When we downsized I stopped doing it. I simply didn't have the space to accommodate all those people anymore.  My kids moved out of state.  No one else from the family stepped up to the plate to take over hosting the holidays.

So now my husband and I do our own thing.  We attend church and eat dinner at home.  Sometimes we will watch old family videos -- we find them entertaining and they remind us of how lucky we were to share all those family times together over the years (especially since so many of those who sat at our table are no longer with us).

It took me awhile to get used to this "new normal," of quiet holidays but it's really not so bad.  It's been five years since I stopped hosting and I do appreciate not knocking myself out with all the cooking and everything else that comes with being a holiday host.   It's all good.

Jdtm, you will figure out what works for you now.  The holiday canvas is blank.  Paint it any way you like.


So far no plans for Easter but I am NOT hosting our family this year - maybe Mother's Day dinner in a restaurant.   Thanks to Luise and  Patience, I only have a wee bit of guilt.  And Luise - you are correct - it is no longer "fun" to host these meals (especially when your family "eats and runs").  Afterwards, I would feel "sad" - not because the holiday was over, but because the interaction felt so "empty" after I would work and plan and hope so much.  I know I will see my family less - we don't see them much now - but I don't know how to change this (one of my DILs claims I just don't try hard enough) - frankly, I am tired of being the only one who "tries".

It is a "new normal" or "times are a-changin" ....


My take is it's both, jdtm. When I was young, travel and communication were both very different. We didn't all even have phones and they were costly. The depression figured into everything we did and didn't do. For those reasons, holiday get to-gethers were much anticipated occasions. That's the only time we saw our relatives. It was a really big deal. I don't think things are worse now or better...just different. There are pluses and minuses, course. What we do to be true to our own need for a sense of peace and joy may be different for each one of us. I have opted for one-on-ones since gatherings no longer bring me a sense of real connection. Hugs...
Be kind whenever possible. It is always possible. Dalai Lama


jdtm  i find it very hard also to see how things change.  growing up, the holidays were always with family.  big meal, dressing up, easter baskets and egg hunts.  such a fun day!
now my adult kids aren't interested in the same - i just don't understand.  my grandkids won't have that anticipation for new outfits, basket surprises.  it is sad in my opinion.  but i am cooking the meal for my hubs and me.  if they come and participate it will be great!  we were told at christmas that they would not be coming and by the day before, plans had changed and my house was full!
you never know what life brings.  i've decided to do what makes me happy and go from there.  hope whatever you do brings you joy!

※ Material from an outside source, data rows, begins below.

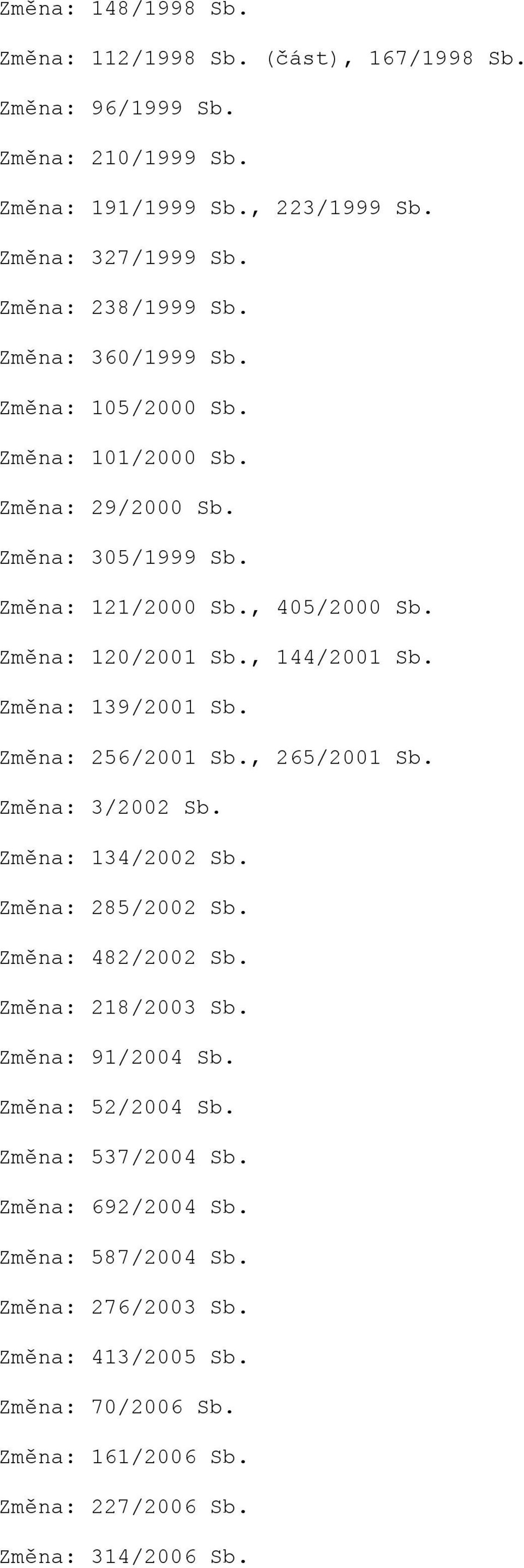 Změna: 139/2001 Sb. Změna: 256/2001 Sb., 265/2001 Sb. Změna: 3/2002 Sb. Změna: 134/2002 Sb. Změna: 285/2002 Sb. Změna: 482/2002 Sb. Změna: 218/2003 Sb. Změna: 91/2004 Sb.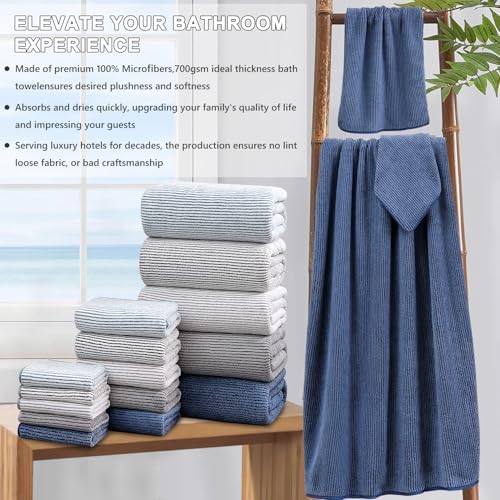 4 Piece Bath Towel Set 35"x70"Oversized Bath Towel for Bathroom Ultra Soft Fluffy Extra Large Bath Sheet Luxury Premium Bathroom Towel Highly Absorbent Quick Dry Shower Towel for Hotel Spa,Navy Blue
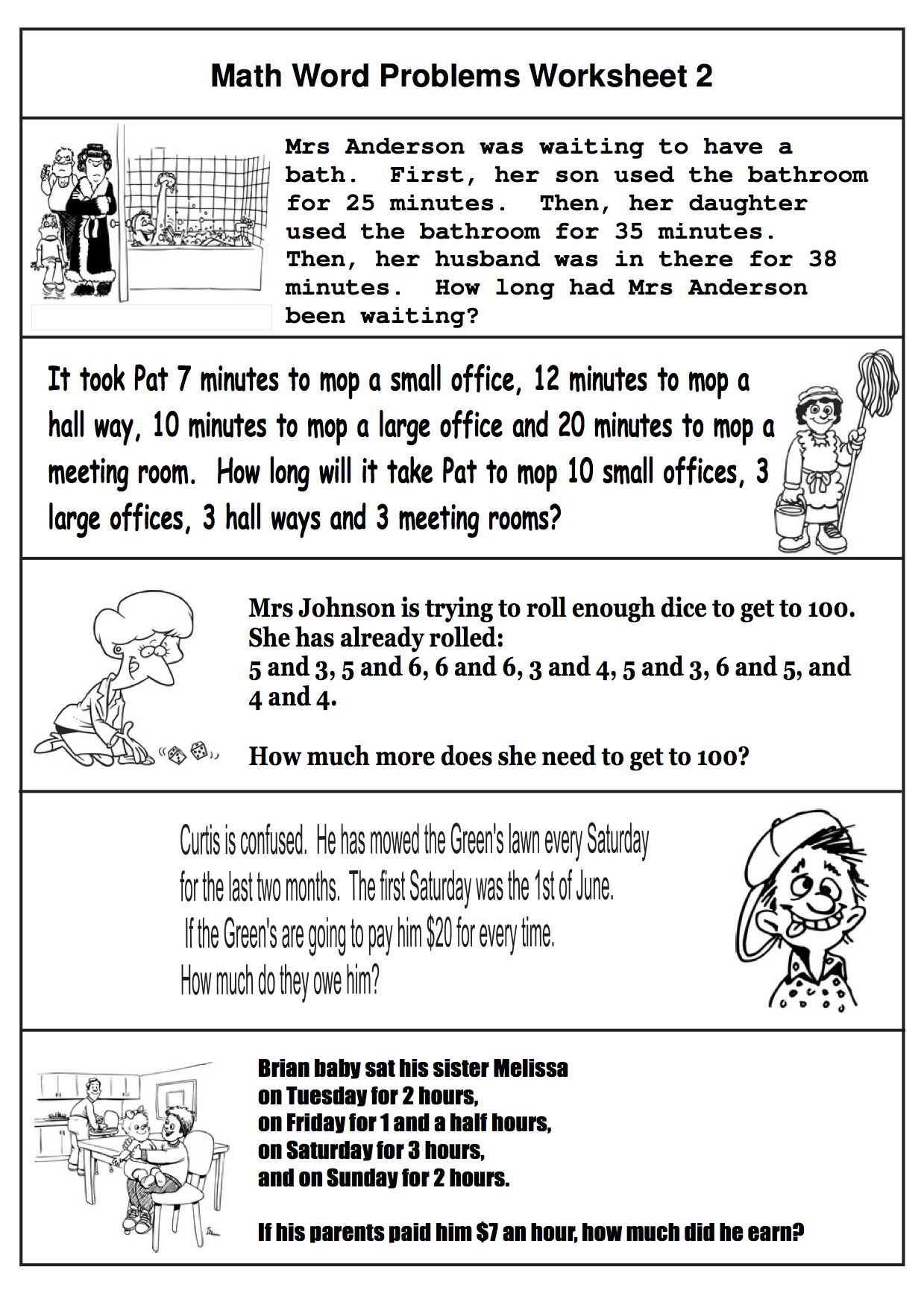 Math Worksheets Grade 2 Word Problems 15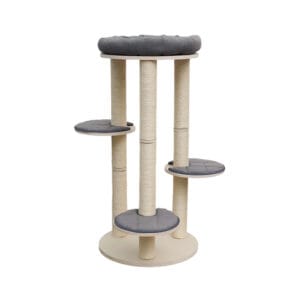 Multi-layer solid wood cat tree (with sisal scratching posts + plush cushions)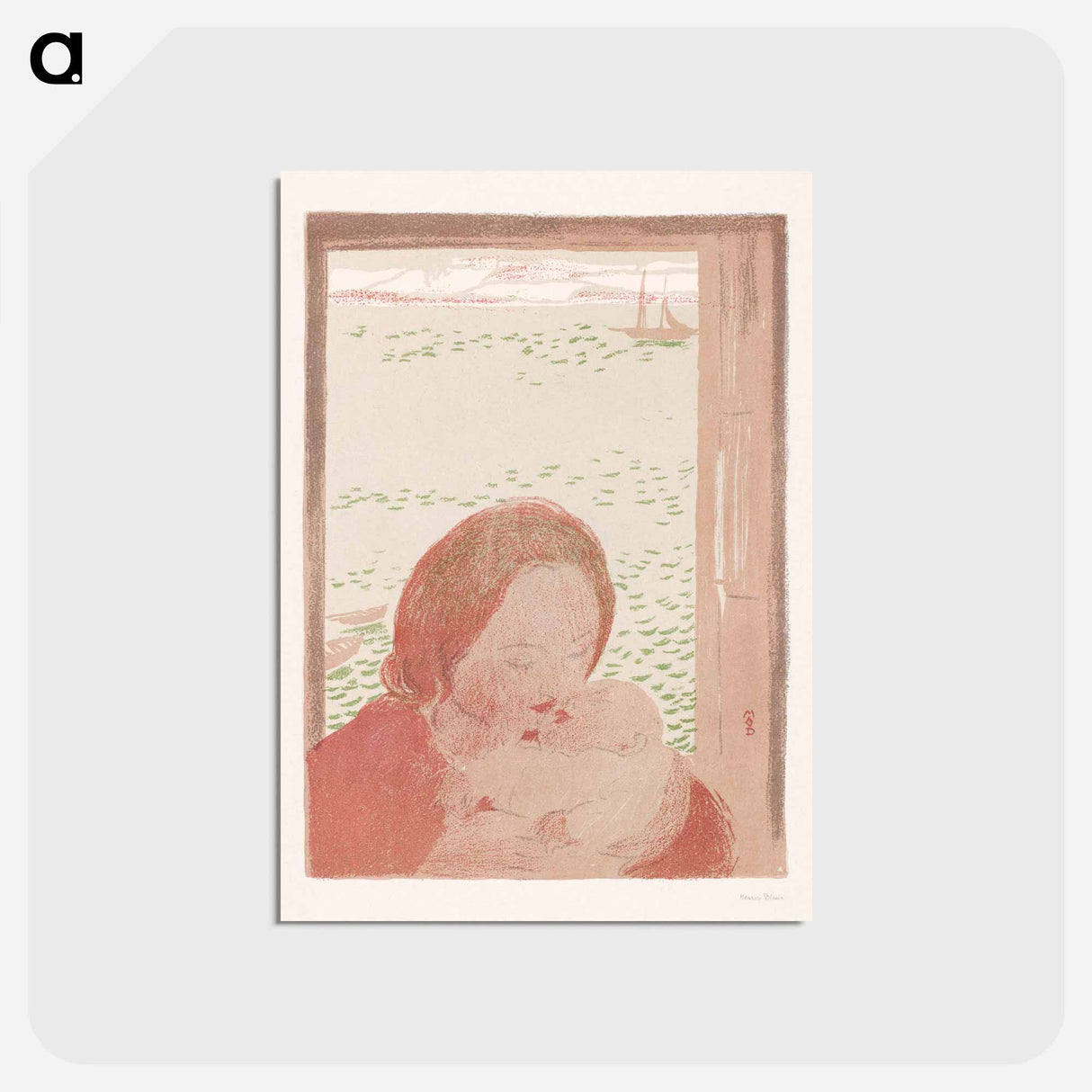 アートポストカード-Mother with baby in front of a window - モーリス ドニ Postcard.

So far this year the only one eager for an Easter celebration is our dear disabled adult daughter who is still interested in Easter baskets and the whole hoopla. I'm guessing DS/DIL will spend time w/DIL's FOO because there are young children there who will be hunting eggs, dressing up, etc. We will not be invited, so I will make things a little festive here for DDD, DH & myself. If DS/DIL make the drive after they visit the other family, they will be welcomed. So far no word from them.

Re hosting/entertaining, I was raised to make guests feel special and welcomed to my home, even "drop-ins." I'm finding that DS & DIL don't go out of their way to make us feel welcomed at their home when we're invited. Perhaps it's the way young people are these days, but I always loved creating ambience, ironing the linens, making a centerpiece, planning the menu, etc. even on a strict budget (not an issue w/DS/DIL.) I take everyone's dietary needs/preferences into consideration, but DS/DIL mostly leave it up to us to bring what we need. It's very odd to me, but that's the way it is.

I too miss the special gatherings of my youth, but I'm so grateful my parents and others made the effort. I know how much work was involved to create a magical day!

Respect ... is appreciation of the separateness of the other person, of the ways in which he or she is unique.